■ **DATA TO PROCESS**

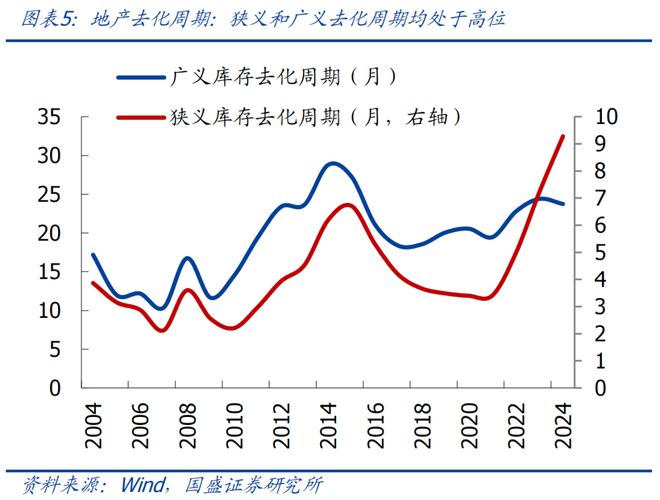 地产何时能见底？｜宏观经济(图5)
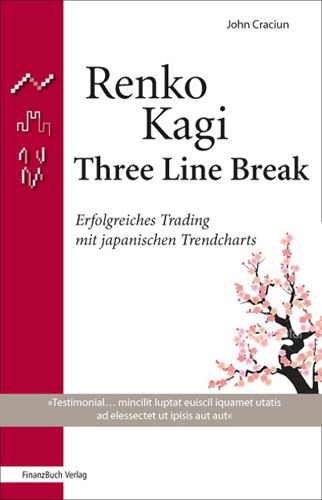 Produktbild: Renko, Kagi, Three Line Break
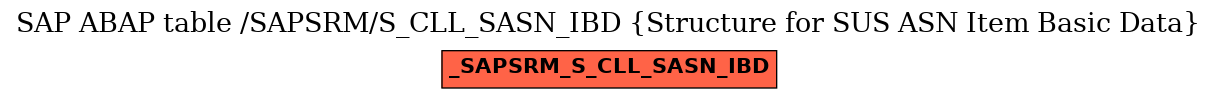 E-R Diagram for table /SAPSRM/S_CLL_SASN_IBD (Structure for SUS ASN Item Basic Data)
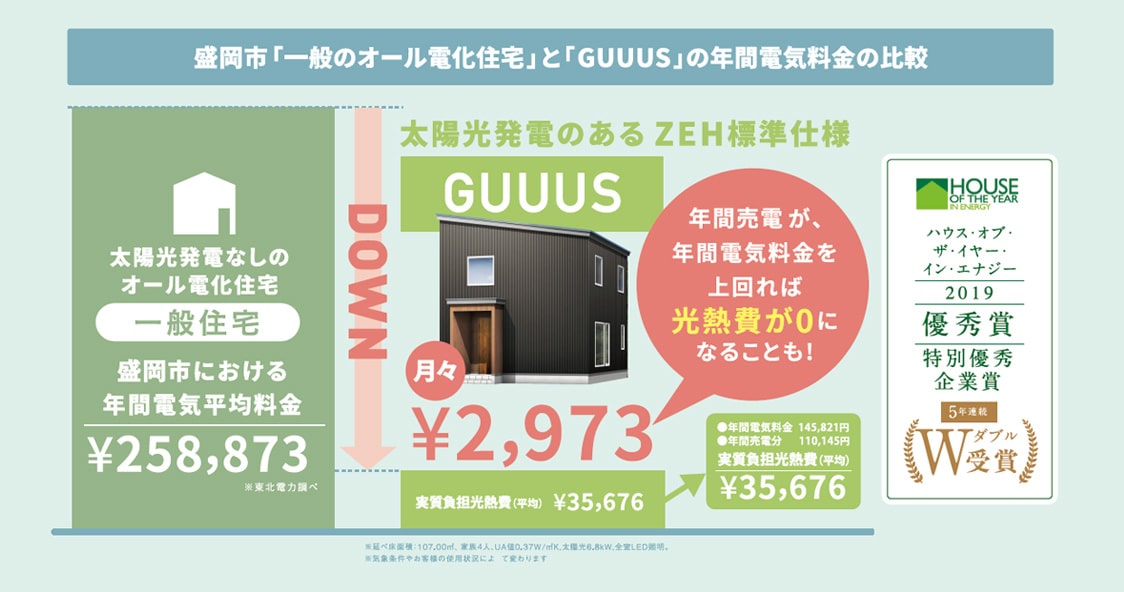 ZEHで光熱費削減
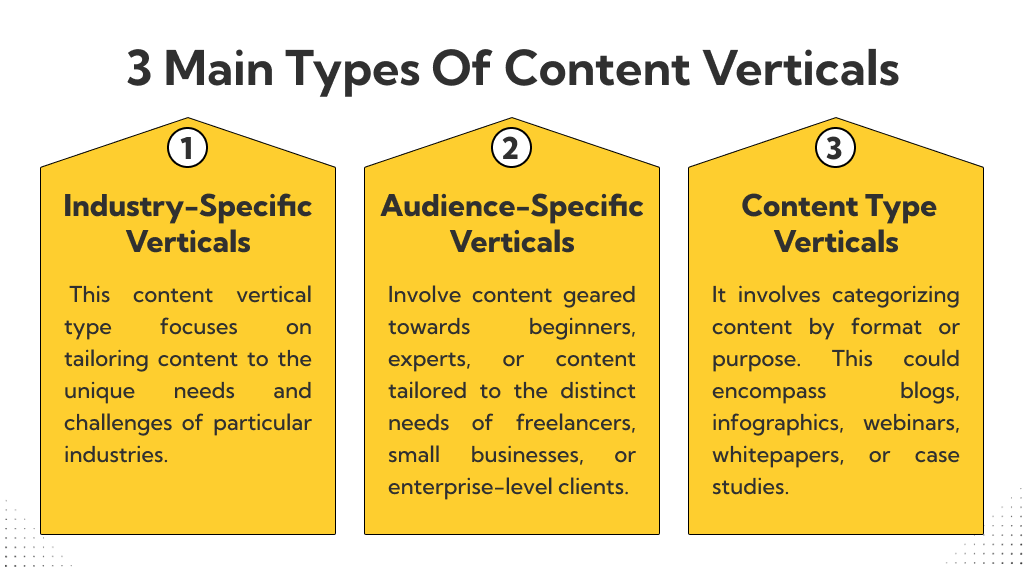 3 Main Types Of Content Verticals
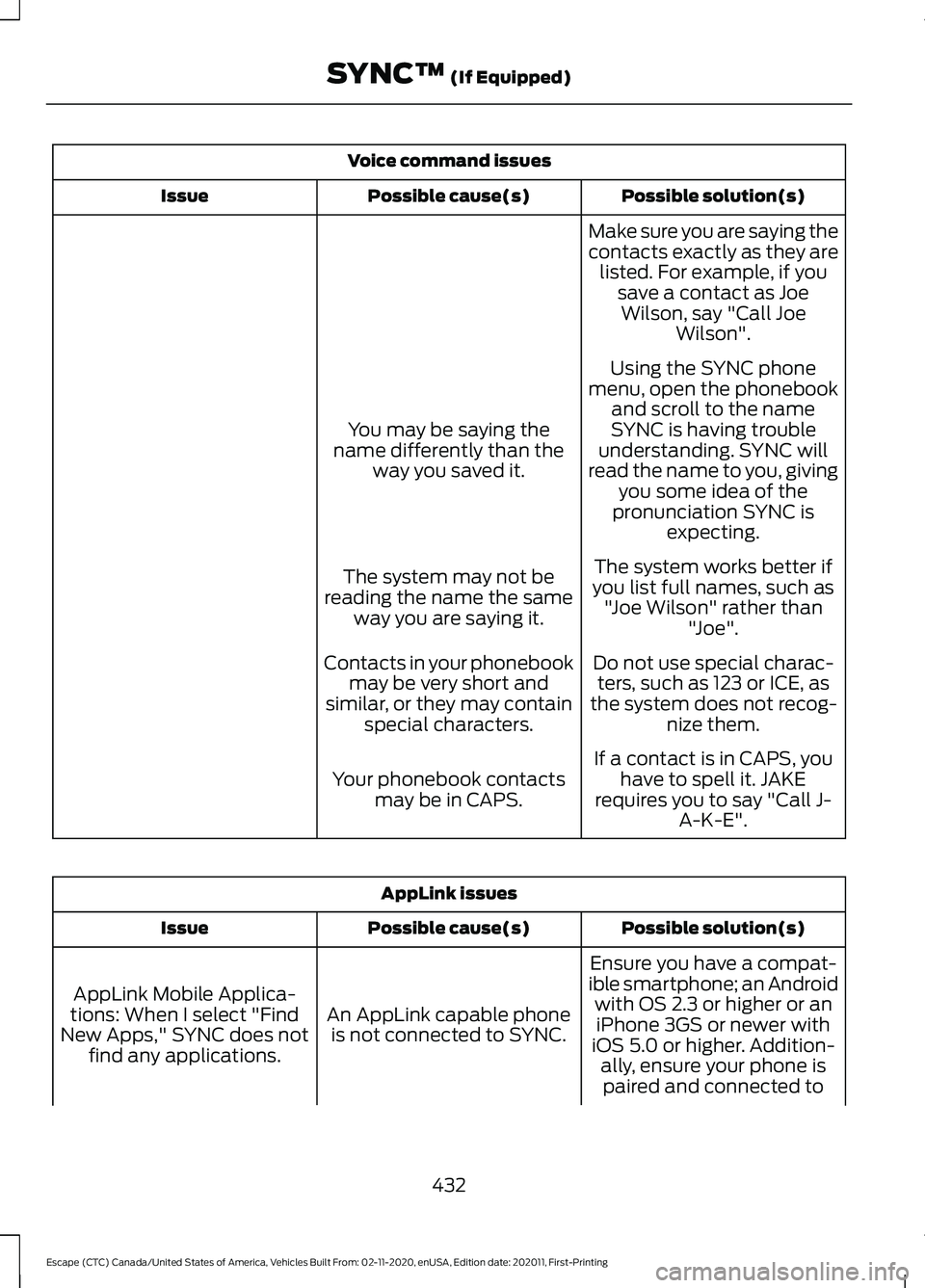 FORD ESCAPE 2021 Owners Manual Voice command issues
Possible solution(s)
Possible cause(s)
Issue
Make sure you are saying the
contacts exactly as they arelisted. For example, if you save a contact as JoeWilson, say "Call Joe Wi FORD ESCAPE 2021 Owners Manual Voice command issues
Possible solution(s)
Possible cause(s)
Issue
Make sure you are saying the
contacts exactly as they arelisted. For example, if you save a contact as JoeWilson, say "Call Joe Wi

■ **EXERCISE INSTRUCTIONS**
Where the word "Call" shows up in a line of the entries above, copy that line.

■ **SOLUTION**
contacts exactly as they arelisted. For example, if you save a contact as JoeWilson, say "Call Joe Wi FORD ESCAPE 2021 Owners Manual Voice command issues
contacts exactly as they arelisted. For example, if you save a contact as JoeWilson, say "Call Joe Wi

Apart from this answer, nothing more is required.